Le concept d’émergence s’est aujourd’hui fait une place de choix dans l’actualité économique et géopolitique. Il définit les nouveaux acteurs nationaux qui ont investi le système international depuis l’effondrement du système bipolaire. Ces pays, dits émergents, sont issus aussi bien de l’ancien bloc communiste, des pays non alignés que d’anciens régimes autoritaires ou dictatoriaux, qu’ils soient d’Afrique ou d’Amérique latine. Les pays émergents se caractérisent par leur intégration rapide à l’économie mondiale d’un point de vue commercial et financier [5]. Toutefois, cette définition ne fait pas consensus.

Alors que le terme “d’émergence” retranscrit la crainte des pays dominant l’ordre mondial de voir leur leadership bousculé. Il est un synonyme d’espoir pour les autres.
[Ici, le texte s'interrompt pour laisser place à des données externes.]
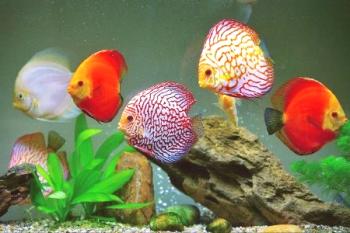Disco en el acuario: condiciones de retención, especie, reproducción.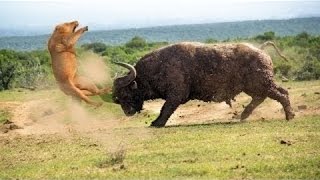 Buffalo Attacks and Kills Lion When Prey Fights Back Buffalo vs Lion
L’émergence est-elle réellement un processus qui ouvre la voie au développement ?

Caractéristique de l’émergence

=> La première caractéristique de l’émergence et que l’intégration dans l’économie mondiale est rapide et génère des taux de croissance élevés ! La revue Alternatives économiques (2007), chiffrées ce phénomène, pour la croissance des exportations, à 8 % pour la Chine, de 13 % pour l’Inde et de 10 % pour le Brésil, contre 4 % pour les États-Unis [1].

=> Corollairement, les pays en émergences ont vu le taux d’investissement direct étranger grimper, autres dans le secteur manufacturier et les services, ce qui a contribué à la croissance rapide notamment par le biais des transferts de technologies.
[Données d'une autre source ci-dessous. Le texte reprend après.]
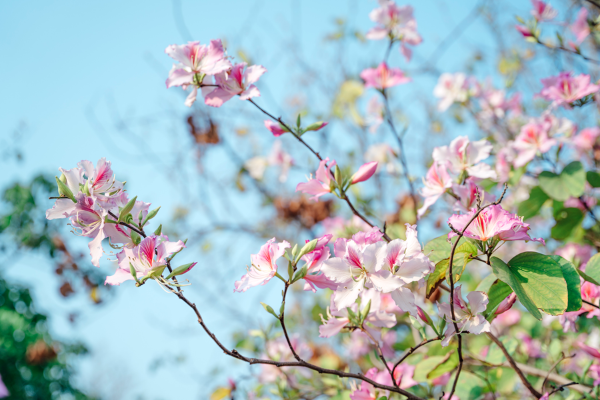 Vibrant spring blossoms adorn South China Agricultural University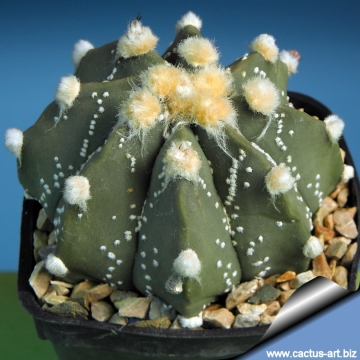 15137 cactus-art Cactus Art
=>Sur le plan financier, le phénomène des pays émergents est étroitement lié à la libéralisation progressive des marchés de capitaux à l’échelle mondiale. Le démantèlement des barrières des flux de capitaux privés a contribué à une plus grande fragilité financière que celle des pays industrialisés notamment en raison de réglementations bancaires déficientes et de l’endettement des banques des pays émergents sur les marchés internationaux.
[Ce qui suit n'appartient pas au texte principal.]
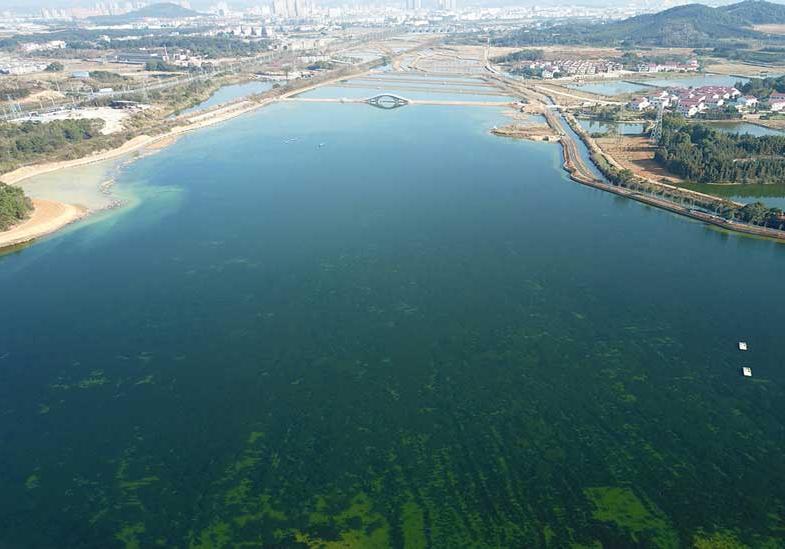 江西省新余市龙须沟水环境提升项目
=>Devenus politiquement indépendants après la vague de décolonisation et refusant de se laisser enfermer dans une division internationale du travail qui leur était préjudiciable, les pays en émergences ont eu à cœur de diversifier leurs productions. De façon générale, ces pays ne se sont pas limités à se spécialiser dans les industries centrées sur des produits simples, nécessitant une faible qualification, mais ils ont développé l’industrie lourde puis des filières technologiques de plus en plus élaborées. De fait, bien qu’ils aient conservé leur spécialisation traditionnelle dans le textile, ils se sont surtout spécialisés dans les technologies de l’information et de la communication au point de devenir des leaders mondiaux en la matière comme le témoignent la Chine et l’Inde [6].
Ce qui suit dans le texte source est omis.